Records for the task: Begin
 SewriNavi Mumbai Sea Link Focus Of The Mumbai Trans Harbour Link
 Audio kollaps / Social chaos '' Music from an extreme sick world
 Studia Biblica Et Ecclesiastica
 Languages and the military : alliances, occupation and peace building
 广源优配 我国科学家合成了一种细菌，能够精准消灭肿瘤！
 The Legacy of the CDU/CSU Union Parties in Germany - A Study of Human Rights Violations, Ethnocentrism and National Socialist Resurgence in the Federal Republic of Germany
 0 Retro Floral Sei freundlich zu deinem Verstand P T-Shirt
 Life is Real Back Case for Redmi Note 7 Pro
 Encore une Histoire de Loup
Records for the task: End
## Aim of the task
Output the lines from the one holding "广源优配 我国科学家合成了一种细菌，能够精准消灭肿瘤！" to the last line of the material, inclusive, exactly as they appear. Add no others.

## Solved exercise
 广源优配 我国科学家合成了一种细菌，能够精准消灭肿瘤！
 The Legacy of the CDU/CSU Union Parties in Germany - A Study of Human Rights Violations, Ethnocentrism and National Socialist Resurgence in the Federal Republic of Germany
 0 Retro Floral Sei freundlich zu deinem Verstand P T-Shirt
 Life is Real Back Case for Redmi Note 7 Pro
 Encore une Histoire de Loup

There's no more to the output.